_Data for review_.
=-=-=-=-=
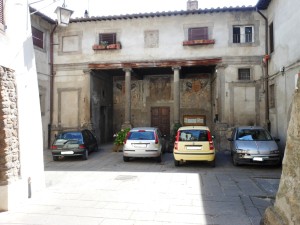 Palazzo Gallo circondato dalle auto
=-=-=-=-=
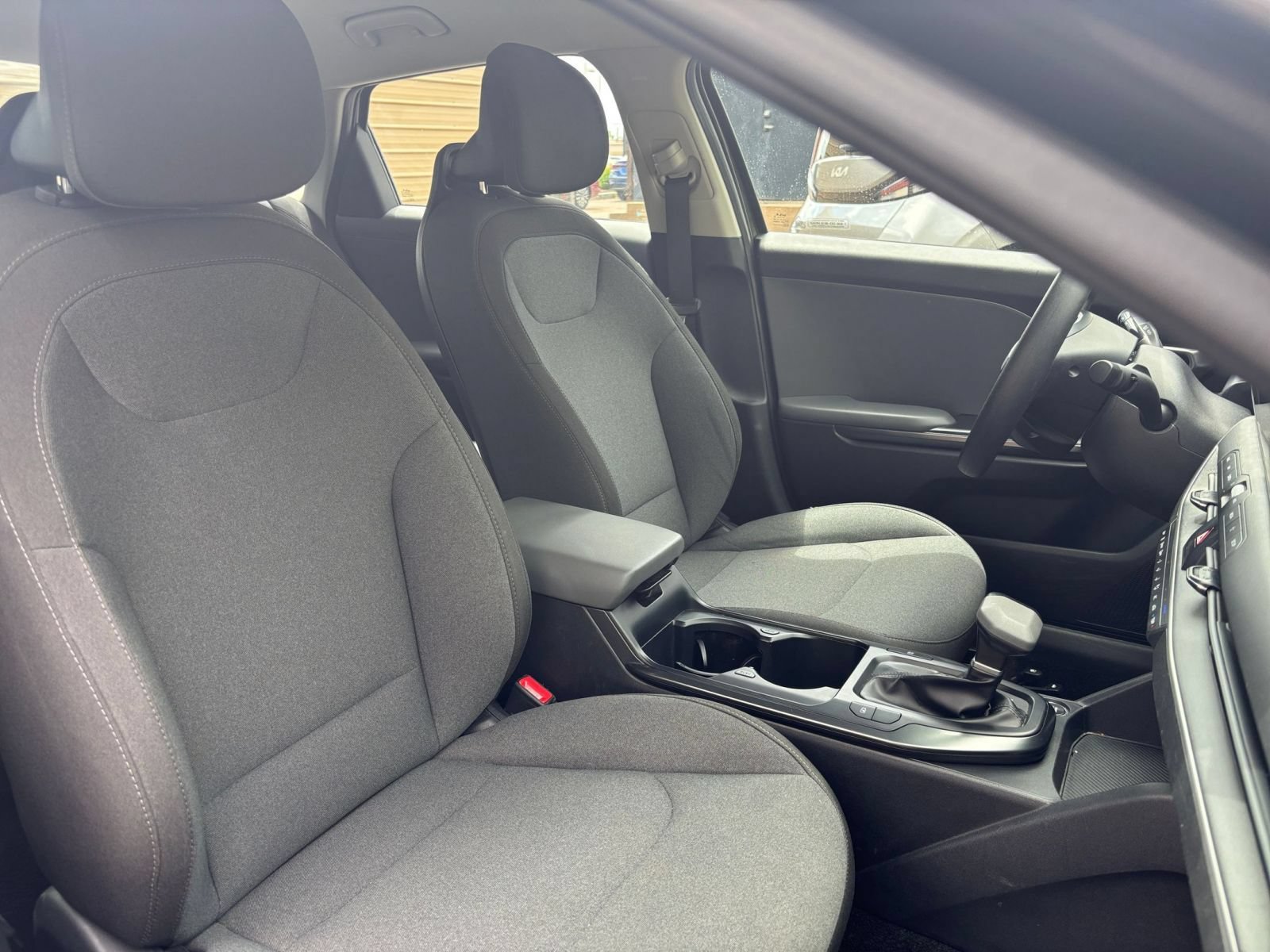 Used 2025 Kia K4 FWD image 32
=-=-=-=-=
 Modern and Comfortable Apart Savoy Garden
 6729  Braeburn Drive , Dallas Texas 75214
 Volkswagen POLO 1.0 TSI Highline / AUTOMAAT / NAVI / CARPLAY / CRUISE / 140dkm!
=-=-=-=-=
_Work to be completed_.
Give back exactly the lines of the listing above that run from the line with "Modern and Comfortable Apart Savoy Garden" to the line with "Volkswagen POLO 1.0", inclusive.

_Result of the task_.
 Modern and Comfortable Apart Savoy Garden
 6729  Braeburn Drive , Dallas Texas 75214
 Volkswagen POLO 1.0 TSI Highline / AUTOMAAT / NAVI / CARPLAY / CRUISE / 140dkm!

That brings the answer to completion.